# TASK TO COMPLETE
What is needed is every line from the one holding "this 450×600 image." to the last line of the data below, printed exactly and without pictures.

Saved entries
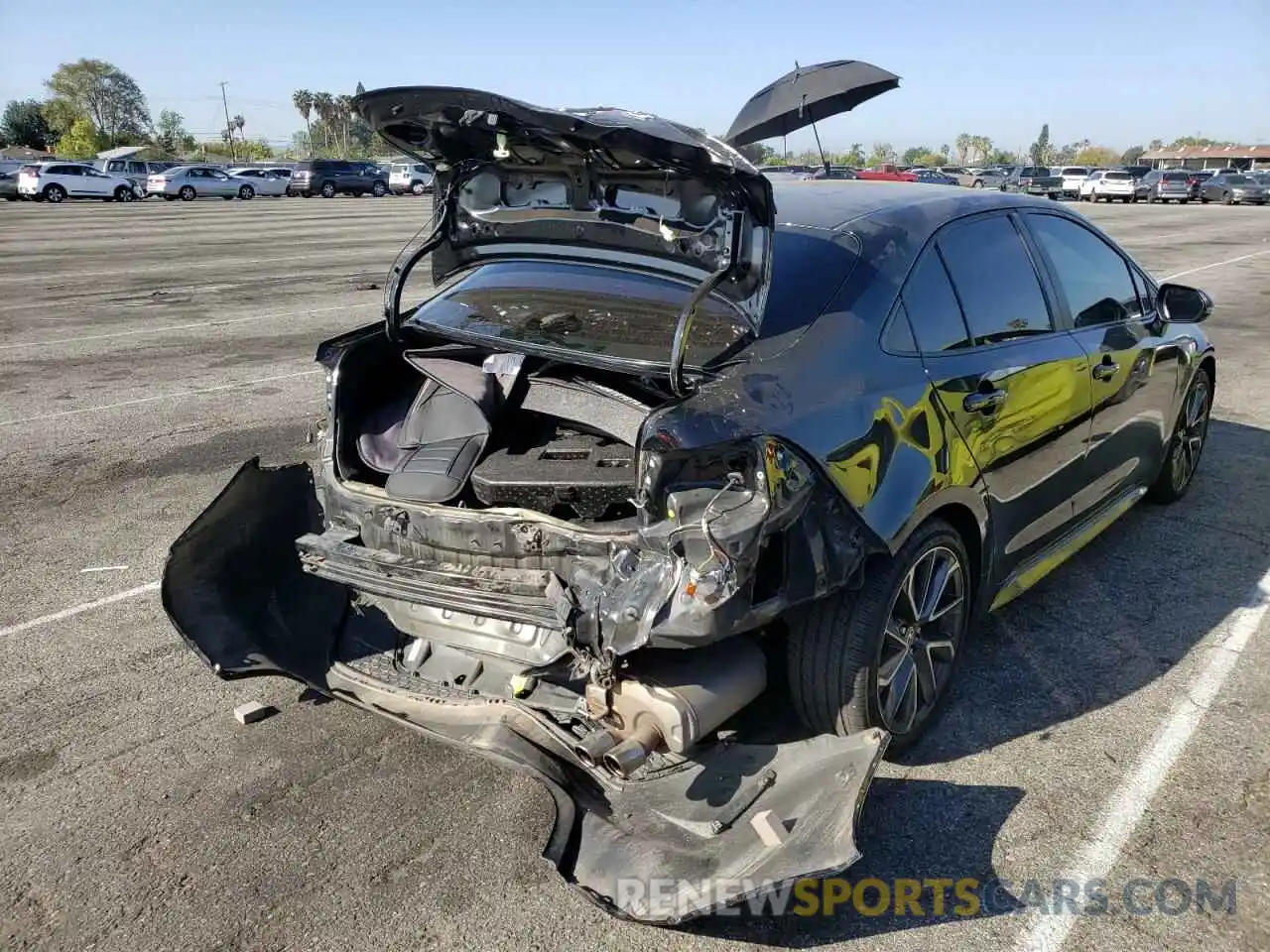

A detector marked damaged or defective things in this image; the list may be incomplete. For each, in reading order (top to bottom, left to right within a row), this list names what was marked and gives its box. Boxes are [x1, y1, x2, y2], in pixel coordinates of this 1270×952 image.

severe rear damage [161, 87, 881, 920]
detached bumper [164, 460, 889, 920]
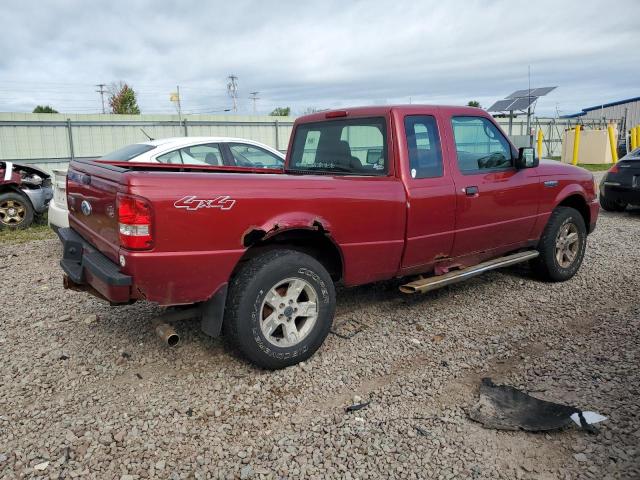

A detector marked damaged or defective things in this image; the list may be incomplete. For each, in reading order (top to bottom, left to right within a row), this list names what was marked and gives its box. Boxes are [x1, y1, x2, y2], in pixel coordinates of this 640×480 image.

detached bumper piece [57, 226, 132, 302]
damaged rear wheel well [236, 228, 342, 282]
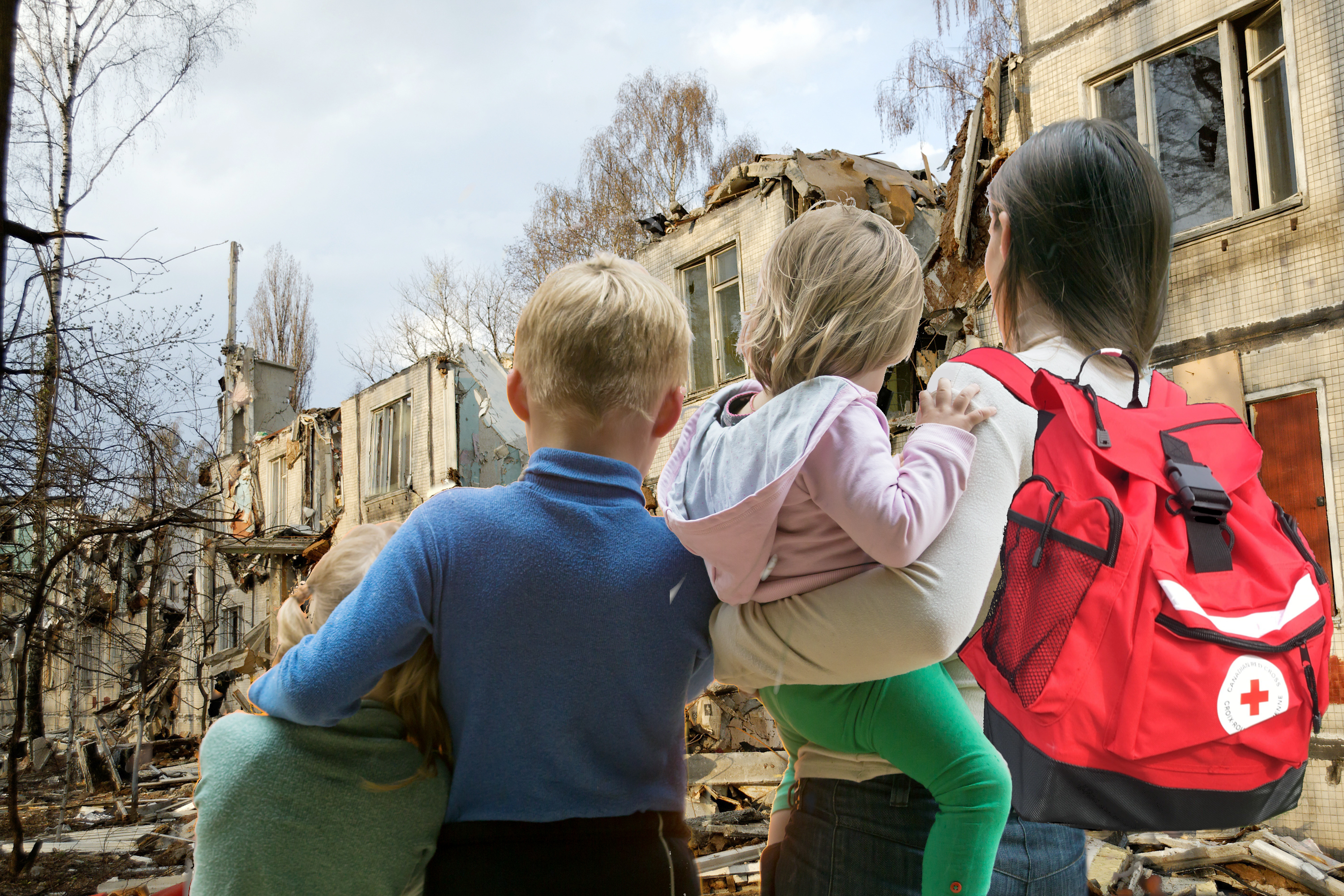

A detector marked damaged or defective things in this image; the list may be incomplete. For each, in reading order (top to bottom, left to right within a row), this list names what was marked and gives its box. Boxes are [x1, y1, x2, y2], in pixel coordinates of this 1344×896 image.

broken window [1097, 3, 1305, 233]
broken window [685, 244, 749, 394]
broken window [371, 398, 414, 498]
broken window [220, 606, 244, 649]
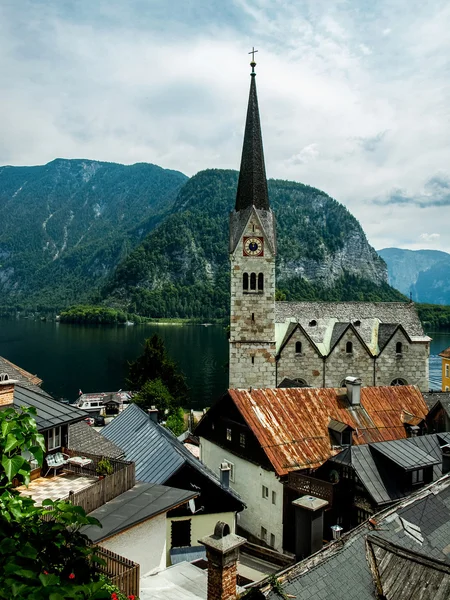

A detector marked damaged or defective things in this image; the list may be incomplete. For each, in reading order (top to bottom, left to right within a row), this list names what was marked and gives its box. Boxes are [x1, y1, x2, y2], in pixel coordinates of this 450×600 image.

rusty corrugated metal roof [230, 386, 428, 476]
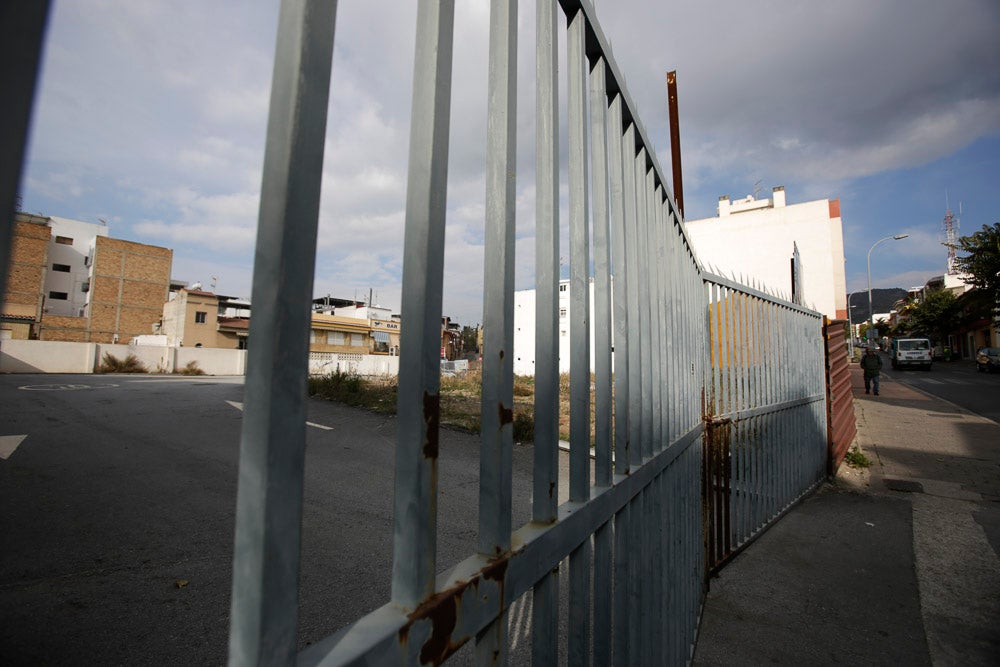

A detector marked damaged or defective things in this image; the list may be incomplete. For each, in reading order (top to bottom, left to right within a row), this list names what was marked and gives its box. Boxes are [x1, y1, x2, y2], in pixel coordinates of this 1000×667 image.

rusty metal post [668, 72, 684, 220]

# WRITTEN SOLUTION
A detector marked damaged or defective things in this image; the list may be incomplete. For each, in reading order (top to bottom, left to right within a row), this list names what was marked and gives its box. Boxes are [x1, y1, x2, y2], in pixel coordinates of this 450×600 image.

rusty corrugated metal roof [230, 386, 428, 476]

A detector marked damaged or defective things in this image; the list may be incomplete. For each, in reading order (top to bottom, left to right within a row), this list names what was marked and gives its box. Boxes are [x1, y1, x2, y2], in pixel coordinates of this 1000×667 image.

rusty metal post [668, 72, 684, 220]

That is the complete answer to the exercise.